Record extracts section start

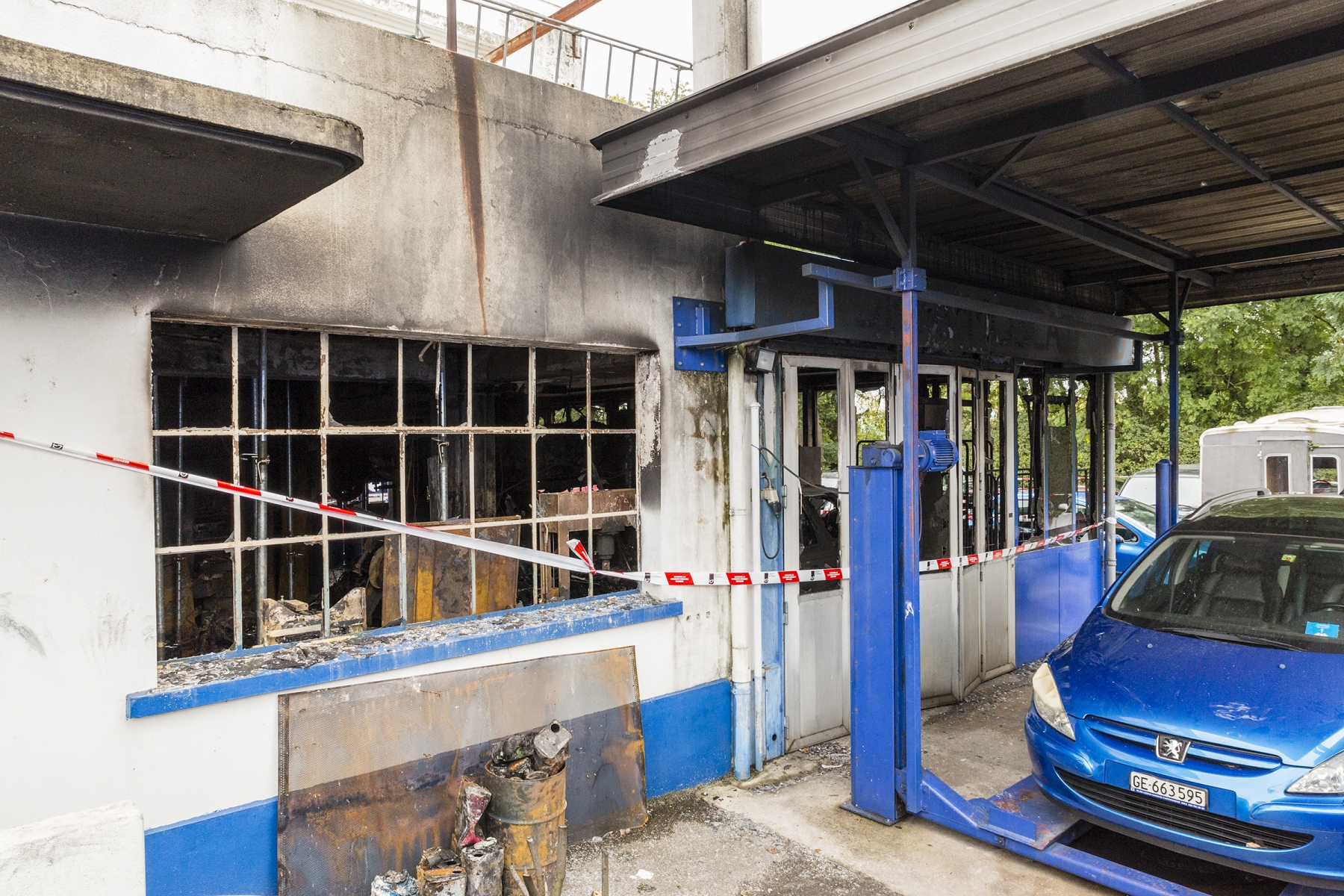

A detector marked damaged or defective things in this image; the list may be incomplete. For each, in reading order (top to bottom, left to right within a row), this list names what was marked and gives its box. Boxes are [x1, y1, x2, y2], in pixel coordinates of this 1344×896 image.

broken window frame [149, 320, 642, 658]
burnt metal panel [276, 647, 645, 892]
rusty metal drum [481, 768, 564, 892]
rusted metal bucket [484, 762, 567, 896]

Record extracts section end

Every record, word for word, should be given back without its pictures.

A detector marked damaged or defective things in this image; the list may be incomplete. For each, in reading order (top to bottom, left to right within a row), this list names what was marked and gives its box. Boxes are [x1, y1, x2, y2], in pixel coordinates of this 1344×896 image.

broken window frame [149, 320, 642, 658]
burnt metal panel [276, 647, 645, 892]
rusty metal drum [481, 768, 564, 892]
rusted metal bucket [484, 762, 567, 896]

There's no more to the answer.